• **Task directions**
Within the data that follows, set down exactly the lines from the one containing "BMW X2 2022 — фото 3" through the one containing "גרינדלוולד Chalet Studen מראה חיצוני תמונה", both ends included.
Material supplied below:
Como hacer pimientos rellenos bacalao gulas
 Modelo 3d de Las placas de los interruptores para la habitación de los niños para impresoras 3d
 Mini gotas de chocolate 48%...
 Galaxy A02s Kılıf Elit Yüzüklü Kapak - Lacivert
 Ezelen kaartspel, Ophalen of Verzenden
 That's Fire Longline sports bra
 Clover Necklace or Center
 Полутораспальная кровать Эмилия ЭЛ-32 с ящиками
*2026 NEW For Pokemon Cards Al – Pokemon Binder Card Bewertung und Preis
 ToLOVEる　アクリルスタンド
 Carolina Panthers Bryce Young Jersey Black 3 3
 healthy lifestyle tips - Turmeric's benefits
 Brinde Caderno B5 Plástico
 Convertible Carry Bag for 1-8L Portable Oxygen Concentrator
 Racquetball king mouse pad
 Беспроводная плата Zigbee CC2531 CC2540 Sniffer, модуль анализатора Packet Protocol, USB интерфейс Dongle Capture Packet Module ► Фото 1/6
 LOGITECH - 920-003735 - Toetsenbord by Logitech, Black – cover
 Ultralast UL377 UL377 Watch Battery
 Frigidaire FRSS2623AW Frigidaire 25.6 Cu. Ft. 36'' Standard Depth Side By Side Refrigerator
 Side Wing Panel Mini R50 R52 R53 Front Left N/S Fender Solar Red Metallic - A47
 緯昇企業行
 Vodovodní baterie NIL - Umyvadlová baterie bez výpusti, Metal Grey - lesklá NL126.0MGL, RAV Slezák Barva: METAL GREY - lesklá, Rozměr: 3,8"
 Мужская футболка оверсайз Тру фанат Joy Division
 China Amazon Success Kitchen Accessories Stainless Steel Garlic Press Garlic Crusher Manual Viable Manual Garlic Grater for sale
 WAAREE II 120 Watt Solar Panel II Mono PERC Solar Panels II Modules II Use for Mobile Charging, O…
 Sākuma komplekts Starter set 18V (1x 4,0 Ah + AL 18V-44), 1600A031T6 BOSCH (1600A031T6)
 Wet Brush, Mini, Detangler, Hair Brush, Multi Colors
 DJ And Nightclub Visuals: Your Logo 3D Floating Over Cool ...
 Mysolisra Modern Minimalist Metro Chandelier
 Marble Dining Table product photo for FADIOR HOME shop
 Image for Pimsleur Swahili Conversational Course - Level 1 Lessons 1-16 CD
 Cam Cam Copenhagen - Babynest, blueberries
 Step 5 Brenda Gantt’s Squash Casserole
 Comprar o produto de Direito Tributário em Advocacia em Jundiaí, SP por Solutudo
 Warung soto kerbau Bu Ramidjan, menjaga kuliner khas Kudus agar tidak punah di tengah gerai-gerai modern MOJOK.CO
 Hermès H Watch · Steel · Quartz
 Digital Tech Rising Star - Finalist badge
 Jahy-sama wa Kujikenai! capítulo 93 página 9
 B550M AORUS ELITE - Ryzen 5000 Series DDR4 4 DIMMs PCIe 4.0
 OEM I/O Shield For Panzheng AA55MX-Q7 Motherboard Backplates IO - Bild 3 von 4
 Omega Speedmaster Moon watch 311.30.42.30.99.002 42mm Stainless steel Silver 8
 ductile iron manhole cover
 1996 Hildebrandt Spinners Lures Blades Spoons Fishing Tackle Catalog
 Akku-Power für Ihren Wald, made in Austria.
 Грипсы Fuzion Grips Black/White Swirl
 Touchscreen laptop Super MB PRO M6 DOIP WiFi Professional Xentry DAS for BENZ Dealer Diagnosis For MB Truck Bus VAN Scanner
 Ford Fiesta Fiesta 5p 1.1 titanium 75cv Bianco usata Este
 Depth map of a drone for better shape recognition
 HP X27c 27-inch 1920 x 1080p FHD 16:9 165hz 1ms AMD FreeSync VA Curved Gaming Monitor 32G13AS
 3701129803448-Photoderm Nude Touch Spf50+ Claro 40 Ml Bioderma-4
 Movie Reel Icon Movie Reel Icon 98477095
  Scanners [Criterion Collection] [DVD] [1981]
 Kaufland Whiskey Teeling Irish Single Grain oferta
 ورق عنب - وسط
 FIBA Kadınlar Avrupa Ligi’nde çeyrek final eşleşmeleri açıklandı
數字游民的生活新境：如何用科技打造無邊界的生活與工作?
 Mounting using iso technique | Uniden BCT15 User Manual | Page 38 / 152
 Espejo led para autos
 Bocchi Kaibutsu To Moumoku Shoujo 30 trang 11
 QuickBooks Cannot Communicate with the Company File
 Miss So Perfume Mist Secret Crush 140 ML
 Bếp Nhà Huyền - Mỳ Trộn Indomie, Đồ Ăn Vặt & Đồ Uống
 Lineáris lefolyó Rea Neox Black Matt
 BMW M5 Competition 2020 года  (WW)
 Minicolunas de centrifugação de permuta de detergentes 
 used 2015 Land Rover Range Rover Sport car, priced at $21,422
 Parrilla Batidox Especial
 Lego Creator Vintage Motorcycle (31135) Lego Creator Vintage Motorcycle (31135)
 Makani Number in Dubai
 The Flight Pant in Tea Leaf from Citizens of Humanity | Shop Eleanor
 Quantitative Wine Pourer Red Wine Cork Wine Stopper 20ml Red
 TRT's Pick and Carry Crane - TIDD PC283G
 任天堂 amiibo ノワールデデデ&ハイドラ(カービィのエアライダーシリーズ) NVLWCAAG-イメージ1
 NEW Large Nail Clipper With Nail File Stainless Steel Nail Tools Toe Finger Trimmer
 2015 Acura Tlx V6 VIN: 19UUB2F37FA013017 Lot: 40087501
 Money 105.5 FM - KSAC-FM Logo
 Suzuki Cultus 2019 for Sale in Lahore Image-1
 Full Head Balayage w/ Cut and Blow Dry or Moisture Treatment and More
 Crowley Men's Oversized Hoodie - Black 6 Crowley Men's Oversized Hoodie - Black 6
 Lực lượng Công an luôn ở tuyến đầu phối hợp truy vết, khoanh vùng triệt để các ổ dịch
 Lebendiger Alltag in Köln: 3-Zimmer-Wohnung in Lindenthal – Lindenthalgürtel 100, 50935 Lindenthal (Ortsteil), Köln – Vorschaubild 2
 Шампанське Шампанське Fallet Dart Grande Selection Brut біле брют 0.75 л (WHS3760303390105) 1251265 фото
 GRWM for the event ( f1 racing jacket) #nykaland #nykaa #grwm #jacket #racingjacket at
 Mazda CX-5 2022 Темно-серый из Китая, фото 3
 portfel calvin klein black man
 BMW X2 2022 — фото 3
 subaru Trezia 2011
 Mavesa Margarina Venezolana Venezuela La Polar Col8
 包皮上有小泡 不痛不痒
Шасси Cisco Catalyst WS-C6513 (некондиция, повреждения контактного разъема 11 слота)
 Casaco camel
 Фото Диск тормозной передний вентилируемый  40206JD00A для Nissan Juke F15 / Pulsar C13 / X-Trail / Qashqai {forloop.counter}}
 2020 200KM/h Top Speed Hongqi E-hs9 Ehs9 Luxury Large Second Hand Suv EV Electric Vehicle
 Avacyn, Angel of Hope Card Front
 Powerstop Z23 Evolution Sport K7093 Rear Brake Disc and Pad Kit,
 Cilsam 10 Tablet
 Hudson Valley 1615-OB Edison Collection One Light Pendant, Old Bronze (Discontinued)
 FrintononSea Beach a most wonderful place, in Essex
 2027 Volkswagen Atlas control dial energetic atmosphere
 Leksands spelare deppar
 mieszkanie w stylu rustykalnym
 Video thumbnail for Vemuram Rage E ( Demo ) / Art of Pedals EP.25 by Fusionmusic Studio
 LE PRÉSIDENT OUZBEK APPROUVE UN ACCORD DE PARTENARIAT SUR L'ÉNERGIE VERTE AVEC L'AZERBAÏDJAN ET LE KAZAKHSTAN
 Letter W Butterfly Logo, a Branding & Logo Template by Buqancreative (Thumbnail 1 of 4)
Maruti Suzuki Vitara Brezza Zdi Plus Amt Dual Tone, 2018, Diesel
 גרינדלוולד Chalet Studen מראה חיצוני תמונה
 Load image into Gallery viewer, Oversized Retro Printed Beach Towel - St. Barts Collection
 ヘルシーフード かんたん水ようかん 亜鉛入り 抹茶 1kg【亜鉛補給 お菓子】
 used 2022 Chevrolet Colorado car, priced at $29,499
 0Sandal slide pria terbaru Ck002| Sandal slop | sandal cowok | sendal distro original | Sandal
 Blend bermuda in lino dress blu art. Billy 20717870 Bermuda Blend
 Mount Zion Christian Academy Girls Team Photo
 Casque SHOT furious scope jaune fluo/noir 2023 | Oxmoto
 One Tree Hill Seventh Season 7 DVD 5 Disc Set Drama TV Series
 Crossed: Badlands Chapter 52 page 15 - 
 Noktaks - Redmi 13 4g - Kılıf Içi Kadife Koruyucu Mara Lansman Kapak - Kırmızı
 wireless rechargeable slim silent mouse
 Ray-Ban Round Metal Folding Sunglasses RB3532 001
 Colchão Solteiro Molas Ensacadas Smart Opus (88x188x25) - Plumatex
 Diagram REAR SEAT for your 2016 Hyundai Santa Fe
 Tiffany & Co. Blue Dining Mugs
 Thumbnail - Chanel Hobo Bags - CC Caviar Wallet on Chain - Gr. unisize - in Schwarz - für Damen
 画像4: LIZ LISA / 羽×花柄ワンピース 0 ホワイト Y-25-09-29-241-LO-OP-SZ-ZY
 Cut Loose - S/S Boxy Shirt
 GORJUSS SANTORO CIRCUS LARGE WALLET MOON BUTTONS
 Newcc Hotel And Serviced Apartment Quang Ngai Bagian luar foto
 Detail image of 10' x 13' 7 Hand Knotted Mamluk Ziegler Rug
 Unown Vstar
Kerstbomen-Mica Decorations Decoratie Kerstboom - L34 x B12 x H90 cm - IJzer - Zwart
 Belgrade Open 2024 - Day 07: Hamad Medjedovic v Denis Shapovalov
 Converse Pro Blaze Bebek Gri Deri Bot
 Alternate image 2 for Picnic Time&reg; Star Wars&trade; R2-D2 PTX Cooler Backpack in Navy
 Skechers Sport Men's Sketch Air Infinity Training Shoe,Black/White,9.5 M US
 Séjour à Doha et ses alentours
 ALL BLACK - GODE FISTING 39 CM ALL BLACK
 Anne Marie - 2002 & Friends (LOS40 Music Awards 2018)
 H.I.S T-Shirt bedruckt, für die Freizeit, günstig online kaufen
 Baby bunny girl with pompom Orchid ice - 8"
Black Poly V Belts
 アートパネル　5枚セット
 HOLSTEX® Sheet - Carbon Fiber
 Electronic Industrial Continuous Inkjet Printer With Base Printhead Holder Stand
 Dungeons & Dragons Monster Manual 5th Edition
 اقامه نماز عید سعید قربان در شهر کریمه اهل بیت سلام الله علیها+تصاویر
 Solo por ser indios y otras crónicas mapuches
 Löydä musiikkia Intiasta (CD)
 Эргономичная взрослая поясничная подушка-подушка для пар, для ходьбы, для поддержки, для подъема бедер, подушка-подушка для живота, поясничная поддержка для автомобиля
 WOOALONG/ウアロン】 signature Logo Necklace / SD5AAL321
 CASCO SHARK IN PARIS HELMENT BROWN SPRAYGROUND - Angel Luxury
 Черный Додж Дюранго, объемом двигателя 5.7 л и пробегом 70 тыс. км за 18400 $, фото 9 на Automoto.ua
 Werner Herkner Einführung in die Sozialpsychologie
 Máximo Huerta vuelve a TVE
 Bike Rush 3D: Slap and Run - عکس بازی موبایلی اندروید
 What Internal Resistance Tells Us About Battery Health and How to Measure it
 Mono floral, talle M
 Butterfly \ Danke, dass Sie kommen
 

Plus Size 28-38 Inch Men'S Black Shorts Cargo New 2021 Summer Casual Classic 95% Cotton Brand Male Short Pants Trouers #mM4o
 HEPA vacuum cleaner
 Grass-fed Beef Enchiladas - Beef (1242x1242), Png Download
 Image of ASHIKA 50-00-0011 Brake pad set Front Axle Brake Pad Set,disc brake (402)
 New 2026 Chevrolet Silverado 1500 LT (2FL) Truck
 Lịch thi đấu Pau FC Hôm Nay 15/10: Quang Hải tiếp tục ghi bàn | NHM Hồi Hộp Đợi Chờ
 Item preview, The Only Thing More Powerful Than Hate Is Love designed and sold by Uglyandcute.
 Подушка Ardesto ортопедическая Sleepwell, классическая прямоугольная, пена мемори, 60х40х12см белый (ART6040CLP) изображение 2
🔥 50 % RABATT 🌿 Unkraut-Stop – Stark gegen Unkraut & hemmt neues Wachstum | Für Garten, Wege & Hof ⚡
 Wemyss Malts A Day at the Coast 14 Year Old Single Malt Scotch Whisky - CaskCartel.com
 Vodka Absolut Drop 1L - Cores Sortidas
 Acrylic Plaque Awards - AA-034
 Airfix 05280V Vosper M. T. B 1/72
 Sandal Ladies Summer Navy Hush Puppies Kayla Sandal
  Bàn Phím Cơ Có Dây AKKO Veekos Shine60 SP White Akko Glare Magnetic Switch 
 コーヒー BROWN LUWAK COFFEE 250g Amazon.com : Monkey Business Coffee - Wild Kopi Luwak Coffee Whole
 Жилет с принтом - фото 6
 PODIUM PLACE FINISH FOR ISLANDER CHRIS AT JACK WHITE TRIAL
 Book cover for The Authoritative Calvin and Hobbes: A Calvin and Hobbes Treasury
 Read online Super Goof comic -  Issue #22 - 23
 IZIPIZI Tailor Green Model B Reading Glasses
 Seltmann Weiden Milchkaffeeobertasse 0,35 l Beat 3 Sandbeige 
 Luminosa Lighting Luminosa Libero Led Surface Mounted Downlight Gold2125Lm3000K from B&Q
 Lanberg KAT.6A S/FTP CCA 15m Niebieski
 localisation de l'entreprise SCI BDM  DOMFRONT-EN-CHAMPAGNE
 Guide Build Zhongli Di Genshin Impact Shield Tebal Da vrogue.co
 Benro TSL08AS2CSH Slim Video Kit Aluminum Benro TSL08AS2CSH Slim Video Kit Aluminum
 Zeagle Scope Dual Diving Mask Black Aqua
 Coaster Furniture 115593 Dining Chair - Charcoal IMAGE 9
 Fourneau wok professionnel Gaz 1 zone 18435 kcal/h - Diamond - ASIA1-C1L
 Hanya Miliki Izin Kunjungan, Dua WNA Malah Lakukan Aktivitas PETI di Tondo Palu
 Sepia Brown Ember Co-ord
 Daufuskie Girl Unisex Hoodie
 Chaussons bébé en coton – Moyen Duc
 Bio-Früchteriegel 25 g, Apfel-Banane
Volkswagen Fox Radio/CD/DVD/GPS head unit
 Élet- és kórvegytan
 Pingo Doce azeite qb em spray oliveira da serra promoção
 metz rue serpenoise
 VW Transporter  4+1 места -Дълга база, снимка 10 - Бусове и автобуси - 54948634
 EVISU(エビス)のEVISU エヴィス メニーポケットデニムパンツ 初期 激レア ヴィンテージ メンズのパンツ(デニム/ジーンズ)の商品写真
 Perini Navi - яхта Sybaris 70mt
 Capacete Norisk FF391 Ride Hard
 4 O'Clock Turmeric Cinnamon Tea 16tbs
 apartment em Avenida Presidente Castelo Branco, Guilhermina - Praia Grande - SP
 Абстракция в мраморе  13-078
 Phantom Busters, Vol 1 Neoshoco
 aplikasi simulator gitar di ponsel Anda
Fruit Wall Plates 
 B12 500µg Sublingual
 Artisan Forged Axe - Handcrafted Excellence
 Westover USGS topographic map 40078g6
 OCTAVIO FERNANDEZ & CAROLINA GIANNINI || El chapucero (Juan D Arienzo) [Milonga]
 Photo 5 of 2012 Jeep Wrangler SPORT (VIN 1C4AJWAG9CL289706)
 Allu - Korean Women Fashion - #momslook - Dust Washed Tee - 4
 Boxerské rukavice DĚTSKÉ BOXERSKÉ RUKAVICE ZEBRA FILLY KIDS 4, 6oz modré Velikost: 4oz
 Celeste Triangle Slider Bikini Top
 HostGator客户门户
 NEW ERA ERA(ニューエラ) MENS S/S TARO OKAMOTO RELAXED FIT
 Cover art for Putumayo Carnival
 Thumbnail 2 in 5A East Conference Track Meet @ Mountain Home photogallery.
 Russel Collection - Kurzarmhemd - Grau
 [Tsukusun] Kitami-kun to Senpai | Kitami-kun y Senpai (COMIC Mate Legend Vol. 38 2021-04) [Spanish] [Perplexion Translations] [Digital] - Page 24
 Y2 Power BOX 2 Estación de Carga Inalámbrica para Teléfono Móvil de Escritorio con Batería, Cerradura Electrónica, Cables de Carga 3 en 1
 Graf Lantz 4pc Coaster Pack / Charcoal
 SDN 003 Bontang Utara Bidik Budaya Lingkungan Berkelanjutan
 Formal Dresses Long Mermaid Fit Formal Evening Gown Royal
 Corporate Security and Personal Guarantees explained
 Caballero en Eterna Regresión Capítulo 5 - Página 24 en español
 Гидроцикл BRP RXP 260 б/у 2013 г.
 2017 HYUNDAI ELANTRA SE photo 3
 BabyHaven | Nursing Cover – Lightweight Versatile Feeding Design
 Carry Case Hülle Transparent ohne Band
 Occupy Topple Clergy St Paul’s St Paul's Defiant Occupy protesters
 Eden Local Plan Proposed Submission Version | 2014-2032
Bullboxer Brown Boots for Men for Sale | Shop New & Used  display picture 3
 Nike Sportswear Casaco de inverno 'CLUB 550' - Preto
End of Material supplied.
• **Final answer**
 BMW X2 2022 — фото 3
 subaru Trezia 2011
 Mavesa Margarina Venezolana Venezuela La Polar Col8
 包皮上有小泡 不痛不痒
Шасси Cisco Catalyst WS-C6513 (некондиция, повреждения контактного разъема 11 слота)
 Casaco camel
 Фото Диск тормозной передний вентилируемый  40206JD00A для Nissan Juke F15 / Pulsar C13 / X-Trail / Qashqai {forloop.counter}}
 2020 200KM/h Top Speed Hongqi E-hs9 Ehs9 Luxury Large Second Hand Suv EV Electric Vehicle
 Avacyn, Angel of Hope Card Front
 Powerstop Z23 Evolution Sport K7093 Rear Brake Disc and Pad Kit,
 Cilsam 10 Tablet
 Hudson Valley 1615-OB Edison Collection One Light Pendant, Old Bronze (Discontinued)
 FrintononSea Beach a most wonderful place, in Essex
 2027 Volkswagen Atlas control dial energetic atmosphere
 Leksands spelare deppar
 mieszkanie w stylu rustykalnym
 Video thumbnail for Vemuram Rage E ( Demo ) / Art of Pedals EP.25 by Fusionmusic Studio
 LE PRÉSIDENT OUZBEK APPROUVE UN ACCORD DE PARTENARIAT SUR L'ÉNERGIE VERTE AVEC L'AZERBAÏDJAN ET LE KAZAKHSTAN
 Letter W Butterfly Logo, a Branding & Logo Template by Buqancreative (Thumbnail 1 of 4)
Maruti Suzuki Vitara Brezza Zdi Plus Amt Dual Tone, 2018, Diesel
 גרינדלוולד Chalet Studen מראה חיצוני תמונה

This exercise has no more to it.